2012-06-15 10:53:02 | 思想・文学

斎藤環『生き延びるためのラカン』(ちくま文庫、原著2006年)を読む。

先日、はじめてジャック・ラカンの著作に触れ、単純なようでいて、何だかよくわからず、もやもやしていたのだ。わたしも御多分に洩れず、フロイトやユングを多少読みかじったことはあっても、あとは、すぐに忘れてしまう概説書のみ。確か、大学生のころに読んだ岸田秀の何かの本で、解り難い文章を書いて威張っているとラカンを罵倒していたこともあって、自分には無縁な存在かなと決めつけていた。

それで、これも入門書。しかし、「日本一わかりやすいラカン入門」を自称していることもあって、難しいことを、ベタに、饒舌に、語っている。分野は違うが、わたしも難しいことをいつも小難しく書いたり話したりしてしまい、顰蹙を買っている。これはなかなか勇気の要ることで、自分への教訓にもなった。

一方で、解りやすい雰囲気をまとって、ウソを述べる人も少なくない(環境問題でも、社会問題でも)。
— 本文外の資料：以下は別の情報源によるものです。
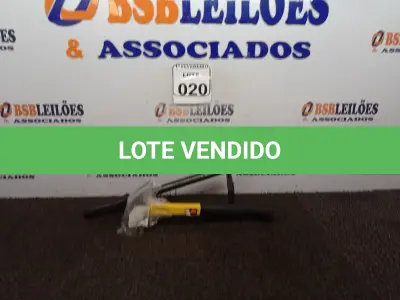 LOTE 020 - 01 MARTELO COM CABO EMBORRACHADO DE 27 MM E 01 SACHO PARA JARDINAGEM. (NO ESTADO) ATENÇÃO! FAZER A VISITAÇÃO ANTES DE ARREMATAR, NÃO SABEMOS SE FUNCIONA. LEILÃO NÃO TEM GARANTIA E NEM DEVOLUÇÃO, SUJEITO A POSSÍVEIS AVARIAS VISÍVEIS/OCULTAS E/OU AUSÊNCIA DE COMPONENTES.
誰とは言わないが、そういう人がウケることが多い。国防問題や領土問題を単純なストーリー仕立てにする人が、偏狭なナショナリスト(と、その予備軍たるたくさんの人)に奉られ、下手をすると為政者や大臣にまでなってしまう。環境問題を陰謀論仕立てにする人が、なぜかリベラル層に受け、折角の社会を変える力を別のベクトルに変えてしまう。腹立たしいことだ。

閑話休題、と言いつつ、興味がある人はこの本を読めばよいのだ。勿論、違和感やすっきりしない点は多いが、そうでなければならない。

著者も言っている。あまりにもわかりやすいものはクセモノで、特権階級を持ってしまったり、カルト宗教にハマったりする。ラカンの魅力は、わかったと思ってもさらに永遠に続く解り難さである、と。そして、人間は愚かだからこそ人間であるのだ、と。

ジル・ドゥルーズが、『ディアローグ』のなかで、フロイトの精神分析を批判し、これは権力としての硬直した作動配列(アジャンスマン)に過ぎない、私たちは絶えず新しい作動配列を創り続けなければならぬと説いていたが、そうでもないと思えてきた。